— Supplied data —
++++++++++++++++++++
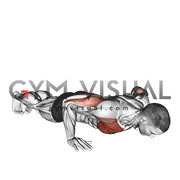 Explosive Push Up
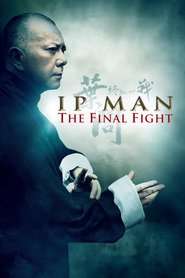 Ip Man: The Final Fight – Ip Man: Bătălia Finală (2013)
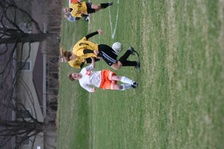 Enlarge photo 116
++++++++++++++++++++
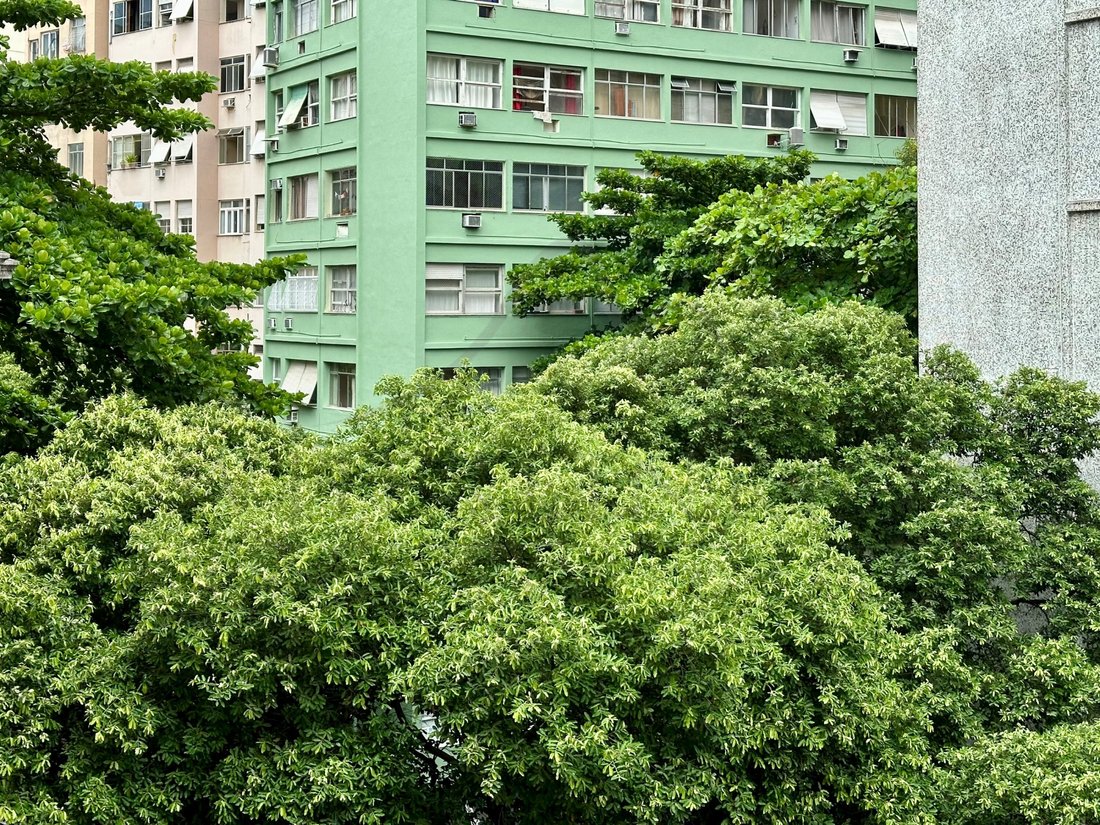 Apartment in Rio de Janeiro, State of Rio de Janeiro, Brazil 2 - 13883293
++++++++++++++++++++
— Your assignment —
Precisely those lines above that run from the line with "Ip Man: The" up to and including the line with "Enlarge photo 116" are to be set down, with the pictures omitted.

— Result of this exercise —
 Ip Man: The Final Fight – Ip Man: Bătălia Finală (2013)
 Enlarge photo 116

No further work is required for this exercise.